I am sure you will be hard pressed to find a "hard and fast" rule around when to switch from one function to another. As others have mentioned, there are a set of tools in R to help you measure performance. object.size
and system.time
are two such function that look at memory usage and performance time, respectively. One general approach is to measure the two directly over an arbitrarily expanding data set. Below is one attempt at this. We will create a data frame with an 'id' column and a random set of numeric values, allowing the data frame to grow and measuring how it changes. I'll use inner_join
here as you mentioned dplyr
. We will measure time as "elapsed" time.
library(tidyverse)
setseed(424)
#number of rows in a cycle
growth <- c(100,1000,10000,100000,1000000,5000000)
#empty lists
n <- 1
l1 <- c()
l2 <- c()
#test for inner join in dplyr
for(i in growth){
x <- data.frame("id" = 1:i, "value" = rnorm(i,0,1))
y <- data.frame("id" = 1:i, "value" = rnorm(i,0,1))
test <- inner_join(x,y, by = c('id' = 'id'))
l1[[n]] <- object.size(test)
print(system.time(test <- inner_join(x,y, by = c('id' = 'id')))[3])

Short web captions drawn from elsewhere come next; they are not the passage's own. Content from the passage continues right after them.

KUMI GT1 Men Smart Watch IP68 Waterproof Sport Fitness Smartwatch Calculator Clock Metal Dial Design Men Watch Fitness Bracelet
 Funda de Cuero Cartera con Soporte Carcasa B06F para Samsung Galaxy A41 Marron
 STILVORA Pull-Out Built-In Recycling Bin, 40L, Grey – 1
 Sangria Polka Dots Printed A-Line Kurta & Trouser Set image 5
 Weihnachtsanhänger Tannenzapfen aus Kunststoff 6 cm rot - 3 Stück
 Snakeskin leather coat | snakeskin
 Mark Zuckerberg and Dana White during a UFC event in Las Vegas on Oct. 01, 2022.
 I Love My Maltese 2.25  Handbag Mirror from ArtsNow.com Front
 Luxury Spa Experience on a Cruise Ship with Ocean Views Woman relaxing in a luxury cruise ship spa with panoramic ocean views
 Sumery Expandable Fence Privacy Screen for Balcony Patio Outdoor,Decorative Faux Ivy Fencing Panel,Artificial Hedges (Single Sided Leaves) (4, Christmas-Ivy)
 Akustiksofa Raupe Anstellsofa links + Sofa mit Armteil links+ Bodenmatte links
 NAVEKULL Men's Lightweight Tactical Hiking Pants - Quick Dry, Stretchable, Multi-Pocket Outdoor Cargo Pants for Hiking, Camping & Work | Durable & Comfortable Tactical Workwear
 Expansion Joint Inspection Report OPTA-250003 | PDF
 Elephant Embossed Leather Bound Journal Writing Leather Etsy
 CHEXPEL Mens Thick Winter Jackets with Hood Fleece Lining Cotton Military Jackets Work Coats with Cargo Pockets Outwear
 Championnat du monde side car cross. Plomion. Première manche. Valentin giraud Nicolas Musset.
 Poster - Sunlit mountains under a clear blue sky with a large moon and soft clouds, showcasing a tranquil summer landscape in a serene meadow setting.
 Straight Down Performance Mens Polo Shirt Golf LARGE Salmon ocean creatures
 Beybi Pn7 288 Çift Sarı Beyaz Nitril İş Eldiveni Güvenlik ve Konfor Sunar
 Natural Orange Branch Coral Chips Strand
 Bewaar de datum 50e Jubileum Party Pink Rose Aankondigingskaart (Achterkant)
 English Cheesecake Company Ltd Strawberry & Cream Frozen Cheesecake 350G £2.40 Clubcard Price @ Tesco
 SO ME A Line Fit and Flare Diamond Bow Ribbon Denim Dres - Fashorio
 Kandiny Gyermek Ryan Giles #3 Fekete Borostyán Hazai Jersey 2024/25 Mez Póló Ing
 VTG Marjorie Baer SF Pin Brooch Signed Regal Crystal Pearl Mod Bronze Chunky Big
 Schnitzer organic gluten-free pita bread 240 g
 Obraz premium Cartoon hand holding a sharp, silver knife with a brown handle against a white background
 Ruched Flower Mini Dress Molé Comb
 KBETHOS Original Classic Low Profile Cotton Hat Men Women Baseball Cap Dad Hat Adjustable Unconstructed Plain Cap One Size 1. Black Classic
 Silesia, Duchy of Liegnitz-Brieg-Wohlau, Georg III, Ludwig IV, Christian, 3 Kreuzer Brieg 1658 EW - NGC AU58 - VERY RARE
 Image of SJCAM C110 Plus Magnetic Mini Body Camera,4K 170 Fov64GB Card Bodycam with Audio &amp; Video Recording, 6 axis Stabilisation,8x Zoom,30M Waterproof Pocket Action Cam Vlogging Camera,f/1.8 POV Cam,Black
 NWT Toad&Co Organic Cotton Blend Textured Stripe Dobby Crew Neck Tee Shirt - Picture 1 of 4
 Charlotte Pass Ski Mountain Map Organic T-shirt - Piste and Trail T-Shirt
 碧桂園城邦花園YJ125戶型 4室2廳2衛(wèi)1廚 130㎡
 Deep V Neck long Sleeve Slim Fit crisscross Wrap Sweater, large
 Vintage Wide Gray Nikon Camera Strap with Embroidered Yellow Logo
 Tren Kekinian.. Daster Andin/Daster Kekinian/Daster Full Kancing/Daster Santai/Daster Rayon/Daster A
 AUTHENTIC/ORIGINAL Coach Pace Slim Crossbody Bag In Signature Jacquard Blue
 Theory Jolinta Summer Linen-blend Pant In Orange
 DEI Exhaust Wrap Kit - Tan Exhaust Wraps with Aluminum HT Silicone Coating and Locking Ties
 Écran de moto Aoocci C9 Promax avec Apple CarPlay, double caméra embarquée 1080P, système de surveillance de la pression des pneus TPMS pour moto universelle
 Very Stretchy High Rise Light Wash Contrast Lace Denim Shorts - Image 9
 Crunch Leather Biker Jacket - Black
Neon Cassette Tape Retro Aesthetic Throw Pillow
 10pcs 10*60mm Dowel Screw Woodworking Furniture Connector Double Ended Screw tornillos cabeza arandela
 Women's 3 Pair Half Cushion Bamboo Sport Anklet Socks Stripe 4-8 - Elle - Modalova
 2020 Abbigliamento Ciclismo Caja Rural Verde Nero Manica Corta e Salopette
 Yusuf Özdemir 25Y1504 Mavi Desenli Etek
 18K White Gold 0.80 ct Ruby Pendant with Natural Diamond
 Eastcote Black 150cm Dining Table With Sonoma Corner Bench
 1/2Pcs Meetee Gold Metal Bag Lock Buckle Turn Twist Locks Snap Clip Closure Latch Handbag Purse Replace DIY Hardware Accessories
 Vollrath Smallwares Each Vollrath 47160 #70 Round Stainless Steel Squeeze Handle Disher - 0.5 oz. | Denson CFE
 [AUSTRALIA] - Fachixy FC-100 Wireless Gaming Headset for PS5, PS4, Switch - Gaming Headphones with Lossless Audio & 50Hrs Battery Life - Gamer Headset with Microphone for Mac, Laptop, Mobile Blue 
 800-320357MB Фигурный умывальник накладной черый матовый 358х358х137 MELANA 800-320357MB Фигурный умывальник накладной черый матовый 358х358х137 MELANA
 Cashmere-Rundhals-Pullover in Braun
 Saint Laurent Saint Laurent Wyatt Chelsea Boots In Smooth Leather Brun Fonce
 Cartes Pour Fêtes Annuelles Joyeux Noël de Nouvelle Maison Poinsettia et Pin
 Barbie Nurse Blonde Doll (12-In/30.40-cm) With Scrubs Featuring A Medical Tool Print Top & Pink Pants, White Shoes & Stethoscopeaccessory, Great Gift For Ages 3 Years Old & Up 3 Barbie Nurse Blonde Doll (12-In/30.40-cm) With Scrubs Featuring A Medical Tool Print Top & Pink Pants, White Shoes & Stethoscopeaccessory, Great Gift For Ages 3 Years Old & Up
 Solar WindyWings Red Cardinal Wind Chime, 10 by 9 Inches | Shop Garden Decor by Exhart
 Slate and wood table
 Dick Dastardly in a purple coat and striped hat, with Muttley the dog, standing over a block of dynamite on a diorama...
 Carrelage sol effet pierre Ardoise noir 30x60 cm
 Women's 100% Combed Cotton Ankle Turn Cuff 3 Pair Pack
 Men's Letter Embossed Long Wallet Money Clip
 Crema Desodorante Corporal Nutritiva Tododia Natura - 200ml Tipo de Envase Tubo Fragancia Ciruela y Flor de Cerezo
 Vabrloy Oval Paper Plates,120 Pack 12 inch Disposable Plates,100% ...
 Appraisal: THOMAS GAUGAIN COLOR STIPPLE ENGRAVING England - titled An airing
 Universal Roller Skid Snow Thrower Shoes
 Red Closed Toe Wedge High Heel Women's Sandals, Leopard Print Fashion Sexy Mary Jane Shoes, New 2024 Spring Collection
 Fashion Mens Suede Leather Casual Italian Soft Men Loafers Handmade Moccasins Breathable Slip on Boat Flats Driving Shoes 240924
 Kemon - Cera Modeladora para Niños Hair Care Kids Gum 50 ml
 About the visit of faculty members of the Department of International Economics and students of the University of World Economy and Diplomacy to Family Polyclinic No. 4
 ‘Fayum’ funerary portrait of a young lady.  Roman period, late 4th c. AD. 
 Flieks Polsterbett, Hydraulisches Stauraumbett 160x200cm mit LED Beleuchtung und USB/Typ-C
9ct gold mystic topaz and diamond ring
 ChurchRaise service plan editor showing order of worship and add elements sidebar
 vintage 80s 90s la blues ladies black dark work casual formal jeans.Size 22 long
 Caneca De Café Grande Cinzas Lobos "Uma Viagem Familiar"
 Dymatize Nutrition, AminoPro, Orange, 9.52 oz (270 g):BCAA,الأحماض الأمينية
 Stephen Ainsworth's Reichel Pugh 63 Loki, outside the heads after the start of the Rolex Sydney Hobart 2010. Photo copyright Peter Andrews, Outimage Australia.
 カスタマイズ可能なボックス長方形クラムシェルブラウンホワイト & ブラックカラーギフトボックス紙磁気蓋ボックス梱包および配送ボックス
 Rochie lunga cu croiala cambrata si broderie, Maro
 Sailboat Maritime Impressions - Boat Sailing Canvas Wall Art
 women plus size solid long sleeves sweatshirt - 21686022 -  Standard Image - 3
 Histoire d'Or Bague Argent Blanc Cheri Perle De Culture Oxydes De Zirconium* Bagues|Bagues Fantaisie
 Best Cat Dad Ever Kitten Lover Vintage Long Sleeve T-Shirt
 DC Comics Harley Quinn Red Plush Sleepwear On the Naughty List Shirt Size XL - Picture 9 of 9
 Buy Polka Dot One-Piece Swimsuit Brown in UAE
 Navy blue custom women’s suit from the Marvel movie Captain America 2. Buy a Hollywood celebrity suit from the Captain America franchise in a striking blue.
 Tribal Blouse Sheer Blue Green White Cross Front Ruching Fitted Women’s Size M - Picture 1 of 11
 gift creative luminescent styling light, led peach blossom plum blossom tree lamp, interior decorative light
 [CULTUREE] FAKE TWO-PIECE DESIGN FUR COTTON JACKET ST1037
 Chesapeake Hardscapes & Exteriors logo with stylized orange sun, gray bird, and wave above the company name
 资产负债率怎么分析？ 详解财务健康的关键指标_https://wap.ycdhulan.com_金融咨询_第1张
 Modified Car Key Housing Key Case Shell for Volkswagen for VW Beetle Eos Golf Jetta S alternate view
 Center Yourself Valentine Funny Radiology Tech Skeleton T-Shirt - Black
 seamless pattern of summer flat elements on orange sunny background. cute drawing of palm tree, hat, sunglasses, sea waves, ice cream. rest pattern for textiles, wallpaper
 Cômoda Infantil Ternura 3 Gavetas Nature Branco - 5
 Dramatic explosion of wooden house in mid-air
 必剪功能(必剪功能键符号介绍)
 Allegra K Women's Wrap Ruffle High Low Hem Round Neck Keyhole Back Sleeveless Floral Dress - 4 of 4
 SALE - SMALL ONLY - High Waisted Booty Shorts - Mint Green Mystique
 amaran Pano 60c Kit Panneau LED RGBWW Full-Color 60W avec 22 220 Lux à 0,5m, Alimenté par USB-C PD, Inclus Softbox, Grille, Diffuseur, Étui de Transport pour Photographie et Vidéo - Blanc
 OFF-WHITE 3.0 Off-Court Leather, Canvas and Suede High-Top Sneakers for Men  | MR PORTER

l2[[n]] <- system.time(test <- inner_join(x,y, by = c('id' = 'id')))[3]
n <- n+1
}
#empty lists
n <- 1
l3 <- c()
l4 <- c()
#test for merge
for(i in growth){
x <- data.frame("id" = 1:i, "value" = rnorm(i,0,1))
y <- data.frame("id" = 1:i, "value" = rnorm(i,0,1))
test <- merge(x,y, by = c('id'))
l3[[n]] <- object.size(test)
# print(object.size(test))
print(system.time(test <- merge(x,y, by = c('id')))[3])
l4[[n]] <- system.time(test <- merge(x,y, by = c('id')))[3]
n <- n+1
}
#ploting output (some coercing may happen, so be it)
plot <- bind_rows(data.frame("size_bytes" = l3, "time_sec" = l4, "id" = "merge"),
data.frame("size_bytes" = l1, "time_sec" = l2, "id" = "inner_join"))
plot$size_MB <- plot$size_bytes/1000000
ggplot(plot, aes(x = size_MB, y =time_sec, color = id)) + geom_line()

merge
seems to perform worse out the gate, but really kicks off around ~20MB. Is this the final word on the matter? No. But such testing can give you a idea of how to choose a function.